* _WHAT IS NEEDED_: Please return the data that follows precisely as written, but without the images.

* _RECORDED DATA_:
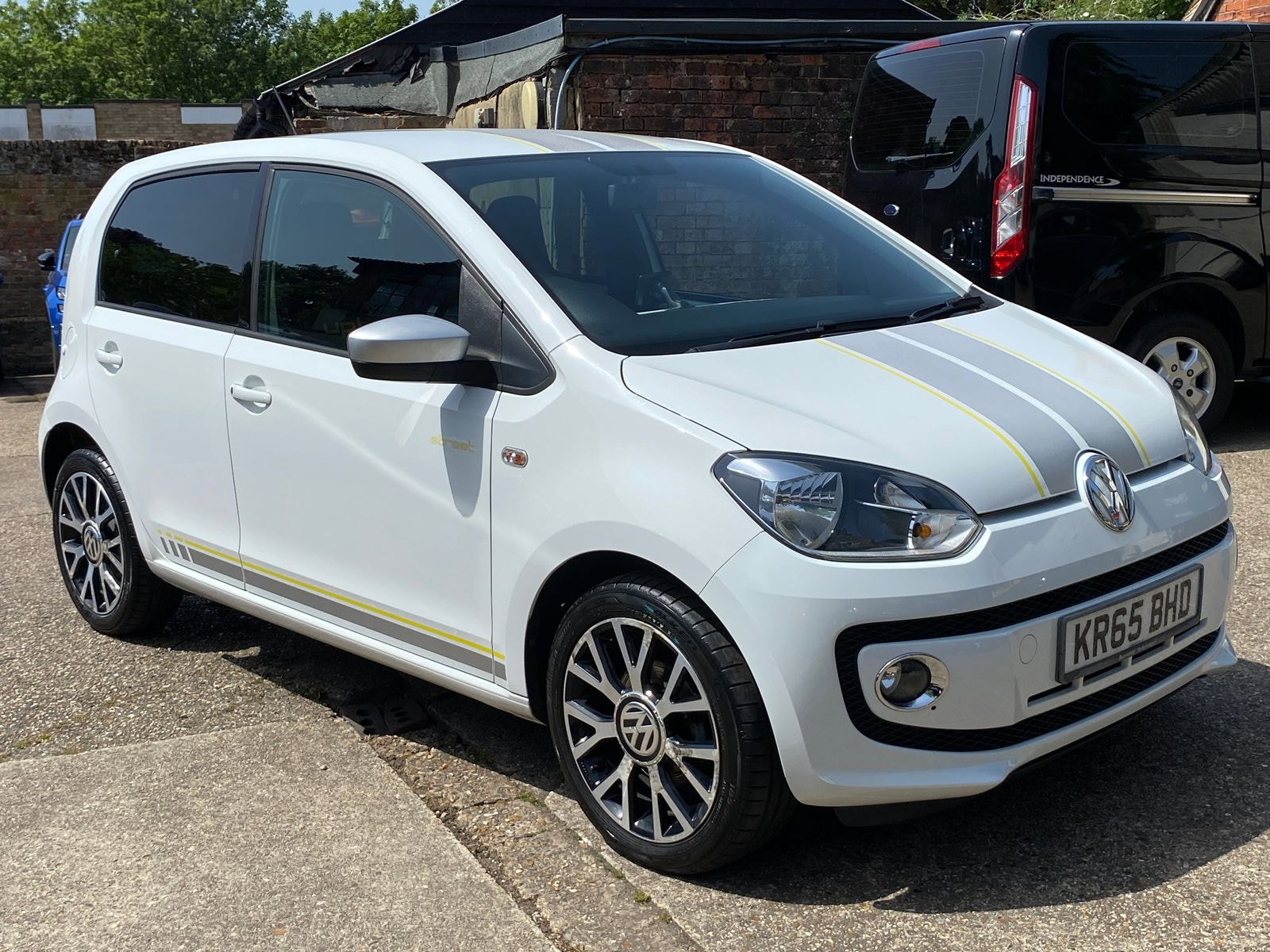 Volkswagen up! 1.0 Street up! Hatchback 5dr Petrol Manual Euro 6 (75 ps) 5dr Manual 2015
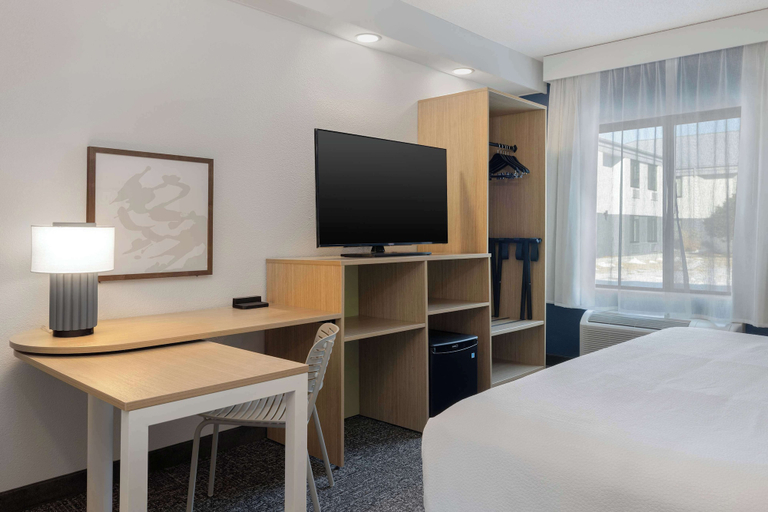 Bedroom 3, スパーク バイ ヒルトン ベントンビル, Benton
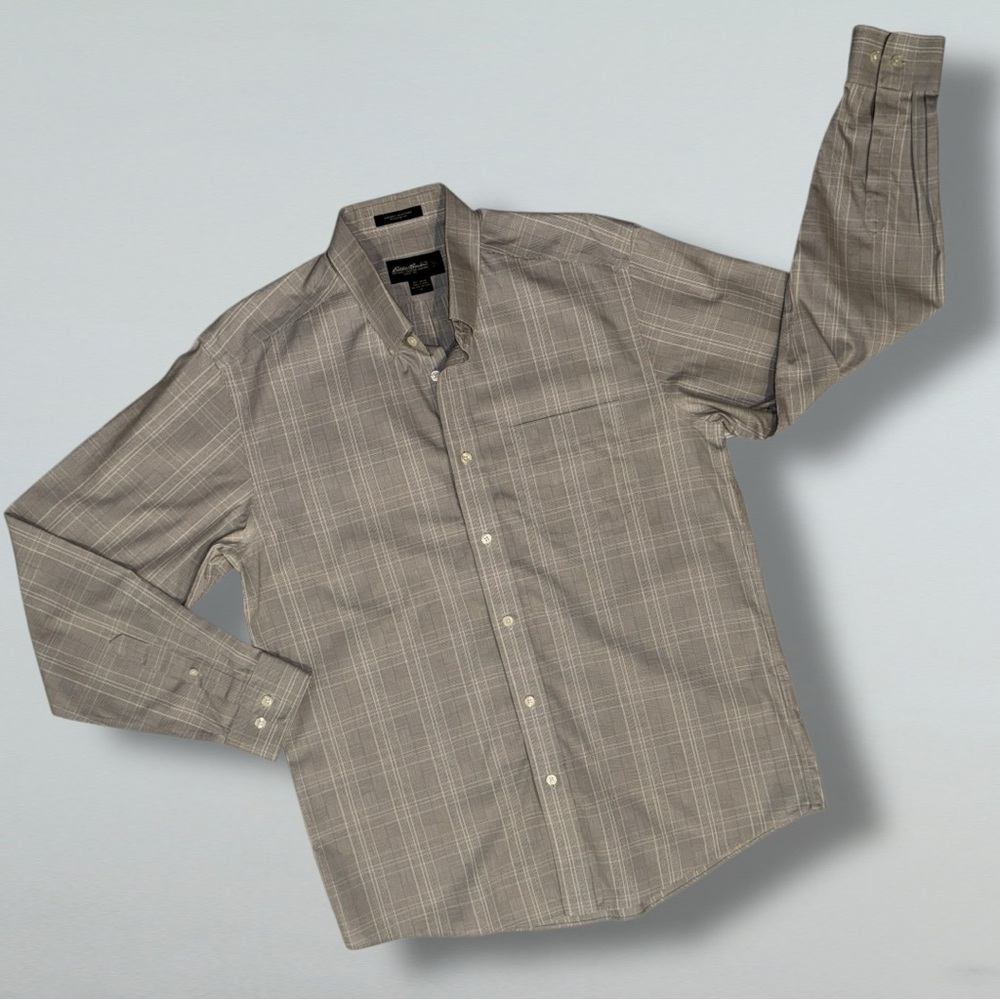 Eddie Bauer Plaid Button-Down Shirt Men’s M Relaxed Fit Wrinkle-Resistant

* _OUTPUT OF THE EXERCISE_:
 Volkswagen up! 1.0 Street up! Hatchback 5dr Petrol Manual Euro 6 (75 ps) 5dr Manual 2015
 Bedroom 3, スパーク バイ ヒルトン ベントンビル, Benton
 Eddie Bauer Plaid Button-Down Shirt Men’s M Relaxed Fit Wrinkle-Resistant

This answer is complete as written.